Millions in India have begun voting in local elections in two out of five key states on Tuesday — a political test for Prime Minister Narendra Modi who is eyeing a third term as the country’s leader in next year’s national elections.
Voting kicked off in the northeastern state of Mizoram and central state of Chhattisgarh, where India’s opposition Congress party holds power. Elections will then begin in the state of Madhya Pradesh on Nov. 17, and western Rajasthan and southern Telangana on Nov. 23 and Nov. 30 respectively.
Over 160 million people are eligible to vote in the regional polls — a sixth of India’s total electorate. The votes will then be counted on Dec. 3 and results are expected on the same day.
While surveys show that Modi will likely secure a third term as prime minister, his Hindu nationalist party recently faced “political earthquakes,” including losing a high-stakes election in the south Indian state of Karnataka earlier this year, followed by the formation of a major opposition alliance of 26 political parties dubbed “INDIA,” Vaibhav Vats wrote for the Atlantic in August. The setbacks could be “an early sign of growing psychological fatigue with the talking points of Hindu supremacism,” and threaten Modi’s certainty of winning the 2024 general elections. When politically threatened, however, Modi and his BJP party have successfully turned to “religious polarization” to mobilize the Hindu right base, Vats wrote, engaging in tactics targeting Indian Muslims. “The Hindu right is never more dangerous than when it feels its hold on political power becoming imperiled,” Vats wrote.
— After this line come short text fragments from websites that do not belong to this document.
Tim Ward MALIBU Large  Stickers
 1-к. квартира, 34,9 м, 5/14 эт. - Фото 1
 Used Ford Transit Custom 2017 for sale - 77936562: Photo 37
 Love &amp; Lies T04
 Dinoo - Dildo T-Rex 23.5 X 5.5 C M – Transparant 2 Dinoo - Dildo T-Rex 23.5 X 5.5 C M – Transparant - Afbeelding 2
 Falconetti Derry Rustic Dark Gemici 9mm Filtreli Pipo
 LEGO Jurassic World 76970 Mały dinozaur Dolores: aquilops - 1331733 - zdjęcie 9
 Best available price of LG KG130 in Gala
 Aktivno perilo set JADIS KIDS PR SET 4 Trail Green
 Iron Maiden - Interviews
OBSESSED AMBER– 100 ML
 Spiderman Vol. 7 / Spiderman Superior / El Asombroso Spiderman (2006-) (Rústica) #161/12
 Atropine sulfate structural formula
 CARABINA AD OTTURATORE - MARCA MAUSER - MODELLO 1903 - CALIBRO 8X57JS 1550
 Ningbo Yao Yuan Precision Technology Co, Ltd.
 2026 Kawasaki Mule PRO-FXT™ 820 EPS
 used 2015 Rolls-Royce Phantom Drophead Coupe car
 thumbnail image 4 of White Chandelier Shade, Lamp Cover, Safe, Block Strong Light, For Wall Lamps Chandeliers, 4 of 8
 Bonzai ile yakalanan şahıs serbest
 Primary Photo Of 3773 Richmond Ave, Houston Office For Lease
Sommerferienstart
The elections in the Northeast state of Mizoram will offer a chance to “gauge the political mood” in India and test whether the BJP can wield its influence over the Northeast region, which has usually been more “inward looking” and where national politics haven’t had much of an impact of people’s voting decisions, Joy L K Pachuau writes for The Indian Express. However, this time, the region “seems to be succumbing to the party that is most assimilationist in its agenda” and observers will closely watch whether a BJP-aligned regional party will win. But the recent ethnic violence in the neighboring state of Manipur have made people “wary of the BJP,” Pachuau argues.